It’s not every day you see a lighthouse being moved but that’s just what was happening in Cape Jourimain, New Brunswick Wednesday.
Propped up on supports, the Cape Jourimain Lighthouse was preparing for a big move from its precarious perch at the edge of a cliff.
The cliff is eroding as a result of storms and weather, putting the fate of the more than 140-year-old lighthouse in danger.
“One of the concerns we have here on the island is that we’re losing about one to three feet of coastline every year, so it was looking like we only had about five or six years before it got to the foundation of the lighthouse,” Andrew MacKinnon of the Cape Jourimain Nature Centre said.
The move comes about a year after the lighthouse was officially recognized under the Lighthouse Heritage Protection Act and ownership was transferred to the Cape Jourimain Nature Centre.
After that, it was decided the lighthouse would be moved in from the perils of the weakening coastline to a new foundation, where it would safely sit for visitors to see for years to come.
“We do hope to do some future fund raising to try to do some restoration,” MacKinnon said.

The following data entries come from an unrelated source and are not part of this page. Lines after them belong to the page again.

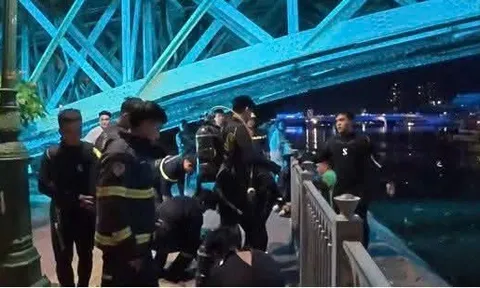 Hai nam sinh 14, 15 tuổi tử vong dưới Kênh Tàu Hủ vì nguyên nhân thương tâm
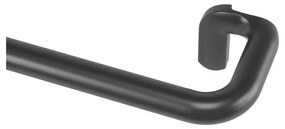 Stalowy regulowany karnisz 76 - 213 cm Twilight – Umbra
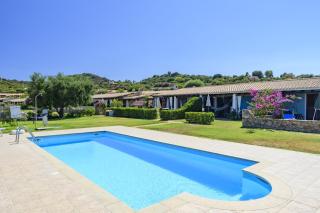 Villa dei Desideri - 8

“We’d like to start outside, where you have the shingles, we would like to replace the exterior to get it into a little bit more how it looked historically and then we would look at restoring the interior is well.”
Moving a lighthouse is no small feat — several people and heavy machinery are on hand to make sure everything goes smoothly but some of the techniques used are surprisingly simple.
“We use Ivory soap along the beams to make it slide easier,” said Mervil Rushton of Mervil Rushton Building Movers, the group handling the important task.
This is not the first time a lighthouse has been moved from an eroding cliff in the Maritimes. In November, 2015, crews moved the Gabarus Lighthouse from the edge of a cliff in Cape Breton.